Moreover, the minimalist construction of the FUTA mandate by its critics is also a position that refuses to consider FUTA as a stakeholder in education in the country. It considers trade unions merely as organisations of wage-slaves that should not exceed their wage-labour mandate. This is actually a colonial as well as neo-liberal attitude to trade unions. It is colonial because, during colonialism, no trade union or a citizens’ organisation was expected to challenge the state, state policy or state officials. ‘Subjects’ did not have the right to challenge the rulers. They had to fight for that right. It is neo-liberal because the neo-liberal, as well as classical-liberal, ideology does not expect the citizens to be active participants in the political or policy process, except as passive individual citizens or minimally active consumers. It is social democracy that took trade unionism beyond these narrow confines and made trade unions active agents of social, political and policy change. Most of the trade unions in Sri Lanka have been nurtured in this social democratic tradition.

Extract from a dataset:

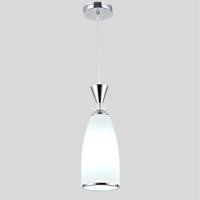 银色单头 12瓦LED白光 餐厅吊灯三头饭厅灯现代简约北欧家用LED餐桌灯创意个性吧台吊灯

And it is sad that this colonial, outdated and hierarchical attitude to trade unionism is now being propagated by some of our own colleagues in the universities, some of whom are members of our own unions. May be the FUTA should organise a short course on trade unionism – Trade Union Politics 1101 –for its members who still operate on the colonial understanding of trade unions. In that course, some readings on new trends in trade union politics globally could be easily distributed for the benefit of all.
The role of trade unions as a stakeholder of public policy is a key principle that the FUTA highlights in the present phase of its struggle. This is a task that FUTA should continue to uphold as within its trade union mandate.